**ACTIVITY:** Starting from the line with "人音版二年級上冊音樂《夏天的陽光》課件.ppt" and going up to and including the line with "勝為字電話光端機PCM語音光", copy the listing below exactly. Leave all images out.

#### SUPPLIED RECORDS

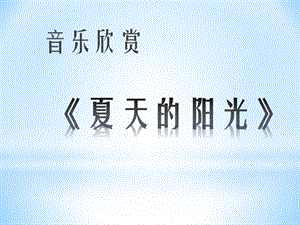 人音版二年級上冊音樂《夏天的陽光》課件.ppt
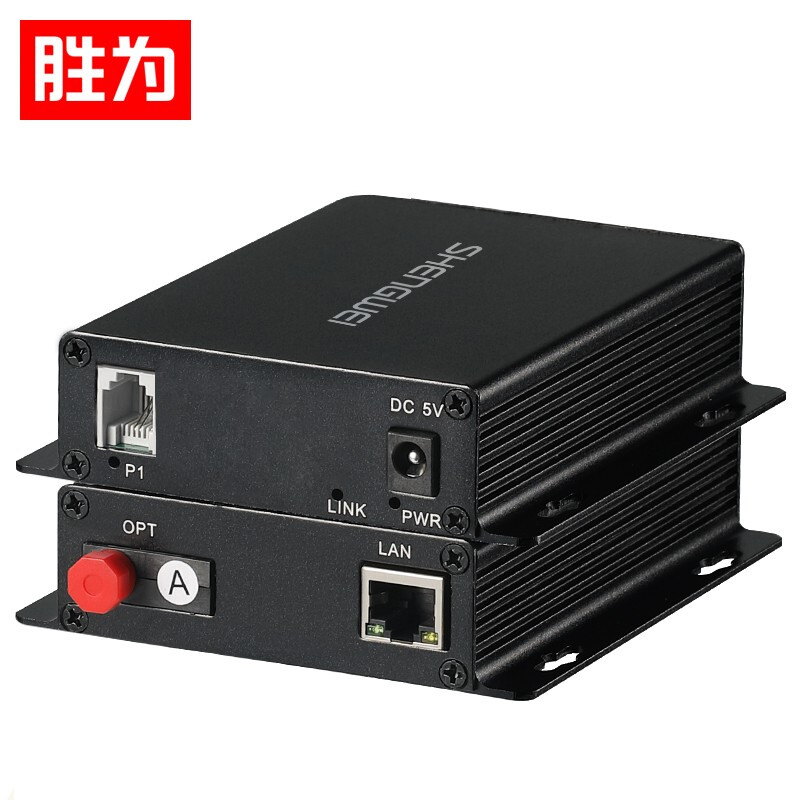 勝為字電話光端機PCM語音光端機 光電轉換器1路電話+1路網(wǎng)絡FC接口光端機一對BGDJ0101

########
#### SUPPLIED RECORDS

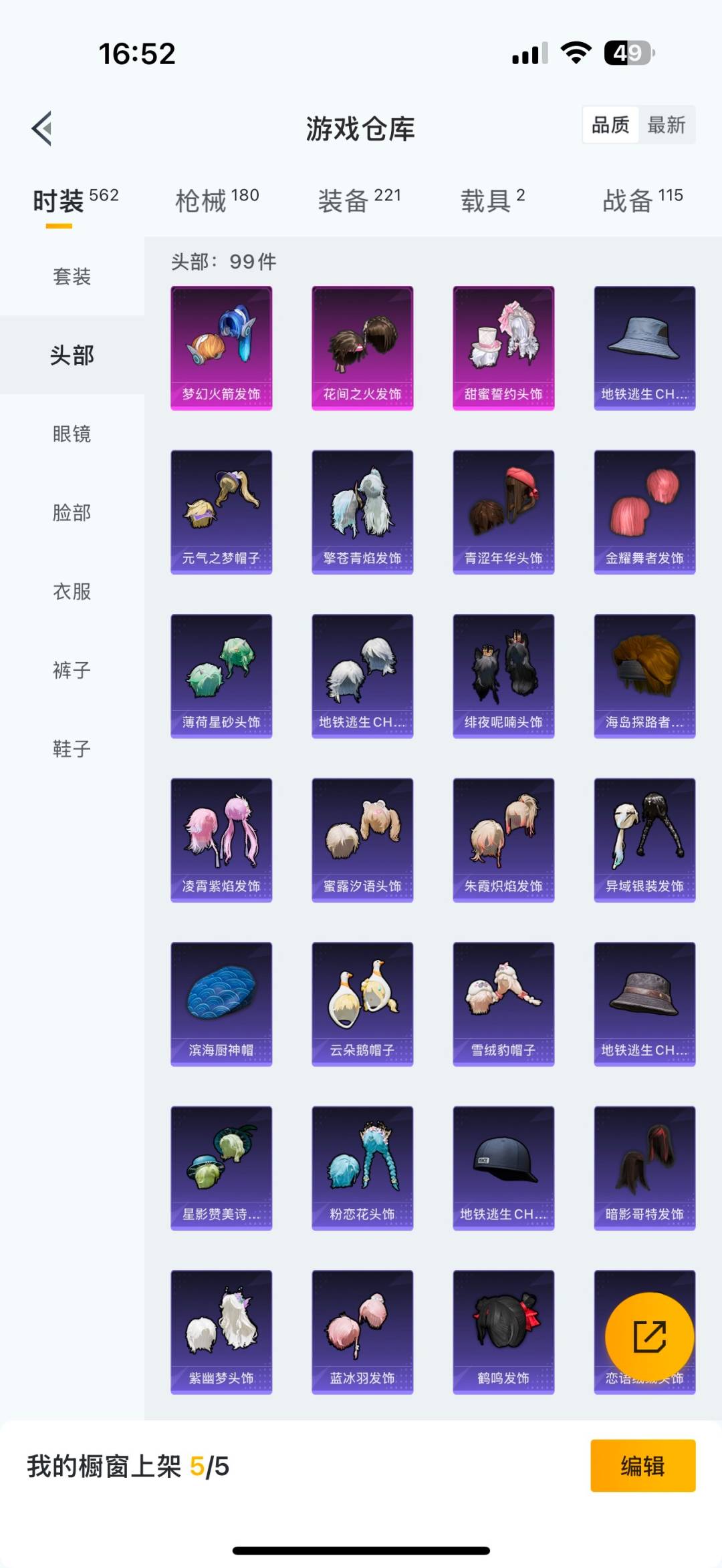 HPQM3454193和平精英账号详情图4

########

**ANSWER BELOW:**
 人音版二年級上冊音樂《夏天的陽光》課件.ppt
 勝為字電話光端機PCM語音光端機 光電轉換器1路電話+1路網(wǎng)絡FC接口光端機一對BGDJ0101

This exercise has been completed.